__EXERCISE PROMPT__.
All lines with the word "Logo" must be pulled from the entries below.

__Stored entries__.
=====

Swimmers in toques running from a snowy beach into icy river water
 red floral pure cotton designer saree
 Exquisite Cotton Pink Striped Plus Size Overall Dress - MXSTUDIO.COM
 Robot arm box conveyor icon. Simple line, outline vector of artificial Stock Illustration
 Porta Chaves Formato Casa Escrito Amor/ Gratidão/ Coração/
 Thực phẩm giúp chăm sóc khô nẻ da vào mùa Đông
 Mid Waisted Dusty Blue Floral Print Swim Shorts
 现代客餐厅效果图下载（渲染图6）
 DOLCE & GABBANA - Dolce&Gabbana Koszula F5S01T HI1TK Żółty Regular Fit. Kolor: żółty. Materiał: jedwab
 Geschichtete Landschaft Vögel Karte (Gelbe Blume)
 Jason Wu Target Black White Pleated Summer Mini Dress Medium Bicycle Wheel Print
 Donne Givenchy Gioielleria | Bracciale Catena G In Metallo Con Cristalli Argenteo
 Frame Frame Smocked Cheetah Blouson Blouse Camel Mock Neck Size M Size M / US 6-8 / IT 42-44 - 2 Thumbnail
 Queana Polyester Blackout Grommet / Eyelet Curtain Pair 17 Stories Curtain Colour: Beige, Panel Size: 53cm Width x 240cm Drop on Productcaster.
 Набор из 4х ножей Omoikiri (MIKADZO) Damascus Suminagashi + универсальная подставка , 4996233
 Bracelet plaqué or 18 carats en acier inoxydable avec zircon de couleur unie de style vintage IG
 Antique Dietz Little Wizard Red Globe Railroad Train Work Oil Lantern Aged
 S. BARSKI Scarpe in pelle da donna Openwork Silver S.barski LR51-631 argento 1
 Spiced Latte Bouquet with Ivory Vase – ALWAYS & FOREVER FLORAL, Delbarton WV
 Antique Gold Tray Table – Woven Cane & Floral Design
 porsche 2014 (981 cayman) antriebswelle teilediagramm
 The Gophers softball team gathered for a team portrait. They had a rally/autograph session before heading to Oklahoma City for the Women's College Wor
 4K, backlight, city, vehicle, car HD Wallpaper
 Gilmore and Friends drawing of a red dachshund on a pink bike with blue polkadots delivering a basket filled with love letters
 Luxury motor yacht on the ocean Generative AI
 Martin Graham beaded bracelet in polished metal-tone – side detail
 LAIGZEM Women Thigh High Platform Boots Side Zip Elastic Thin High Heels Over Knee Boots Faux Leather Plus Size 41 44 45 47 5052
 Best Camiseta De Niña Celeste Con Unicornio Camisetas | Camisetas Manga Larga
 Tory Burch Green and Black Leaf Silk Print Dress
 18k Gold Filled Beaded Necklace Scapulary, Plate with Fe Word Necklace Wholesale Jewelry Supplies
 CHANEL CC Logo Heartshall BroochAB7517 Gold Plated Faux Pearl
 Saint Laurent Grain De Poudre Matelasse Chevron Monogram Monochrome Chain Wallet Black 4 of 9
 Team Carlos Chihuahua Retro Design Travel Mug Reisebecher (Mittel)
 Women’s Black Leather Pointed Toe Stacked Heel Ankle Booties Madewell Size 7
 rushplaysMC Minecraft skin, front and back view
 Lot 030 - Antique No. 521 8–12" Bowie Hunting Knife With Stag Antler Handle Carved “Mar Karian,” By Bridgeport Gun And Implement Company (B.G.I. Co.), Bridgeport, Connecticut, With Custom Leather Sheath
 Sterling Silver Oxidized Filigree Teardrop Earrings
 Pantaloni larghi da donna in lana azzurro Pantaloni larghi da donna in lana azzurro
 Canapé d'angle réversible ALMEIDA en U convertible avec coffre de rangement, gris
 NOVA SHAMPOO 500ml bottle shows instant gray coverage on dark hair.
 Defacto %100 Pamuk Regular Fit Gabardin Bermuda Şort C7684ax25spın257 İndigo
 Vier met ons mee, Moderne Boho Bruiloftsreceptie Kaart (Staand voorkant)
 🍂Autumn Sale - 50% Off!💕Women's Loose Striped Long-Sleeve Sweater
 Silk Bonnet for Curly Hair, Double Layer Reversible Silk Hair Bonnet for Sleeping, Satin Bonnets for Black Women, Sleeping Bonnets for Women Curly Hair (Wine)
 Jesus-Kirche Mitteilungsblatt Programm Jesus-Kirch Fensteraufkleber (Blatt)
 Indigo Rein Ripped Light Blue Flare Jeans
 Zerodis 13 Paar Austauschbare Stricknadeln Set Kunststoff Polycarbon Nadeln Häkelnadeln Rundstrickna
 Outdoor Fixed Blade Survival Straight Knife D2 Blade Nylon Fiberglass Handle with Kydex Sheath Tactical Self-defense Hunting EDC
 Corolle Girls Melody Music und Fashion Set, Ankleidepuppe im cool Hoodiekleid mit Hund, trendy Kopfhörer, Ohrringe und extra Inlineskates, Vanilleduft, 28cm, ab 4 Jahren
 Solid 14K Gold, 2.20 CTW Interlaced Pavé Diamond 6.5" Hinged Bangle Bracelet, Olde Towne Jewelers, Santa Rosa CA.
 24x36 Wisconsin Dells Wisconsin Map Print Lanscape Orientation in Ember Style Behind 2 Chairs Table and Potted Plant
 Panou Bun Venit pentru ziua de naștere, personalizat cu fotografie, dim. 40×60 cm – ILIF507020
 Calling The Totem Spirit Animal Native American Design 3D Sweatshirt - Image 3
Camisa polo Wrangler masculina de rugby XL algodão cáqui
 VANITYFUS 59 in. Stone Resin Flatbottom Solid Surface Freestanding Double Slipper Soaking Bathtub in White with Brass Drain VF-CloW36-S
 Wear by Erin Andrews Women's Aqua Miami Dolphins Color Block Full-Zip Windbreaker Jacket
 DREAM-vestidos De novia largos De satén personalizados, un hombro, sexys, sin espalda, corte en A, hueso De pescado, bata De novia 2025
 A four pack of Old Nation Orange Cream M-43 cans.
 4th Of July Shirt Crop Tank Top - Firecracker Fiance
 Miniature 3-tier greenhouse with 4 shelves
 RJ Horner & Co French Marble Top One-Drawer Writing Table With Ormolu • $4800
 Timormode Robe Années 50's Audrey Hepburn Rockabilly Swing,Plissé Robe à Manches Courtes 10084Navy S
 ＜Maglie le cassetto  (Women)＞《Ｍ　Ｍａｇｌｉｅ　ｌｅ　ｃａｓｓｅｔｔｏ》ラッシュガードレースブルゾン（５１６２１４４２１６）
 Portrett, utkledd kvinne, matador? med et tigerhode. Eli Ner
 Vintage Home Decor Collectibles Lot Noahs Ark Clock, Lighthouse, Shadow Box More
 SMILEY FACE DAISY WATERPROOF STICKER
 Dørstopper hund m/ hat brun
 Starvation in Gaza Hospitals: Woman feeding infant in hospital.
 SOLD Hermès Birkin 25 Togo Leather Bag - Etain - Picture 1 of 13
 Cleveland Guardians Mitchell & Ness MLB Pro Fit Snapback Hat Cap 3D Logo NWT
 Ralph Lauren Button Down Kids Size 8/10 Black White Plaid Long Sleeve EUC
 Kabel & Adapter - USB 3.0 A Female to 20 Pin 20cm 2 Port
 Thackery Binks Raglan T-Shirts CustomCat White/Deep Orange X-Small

=====

__SOLUTION TO THE PROBLEM__.
 CHANEL CC Logo Heartshall BroochAB7517 Gold Plated Faux Pearl
 Cleveland Guardians Mitchell & Ness MLB Pro Fit Snapback Hat Cap 3D Logo NWT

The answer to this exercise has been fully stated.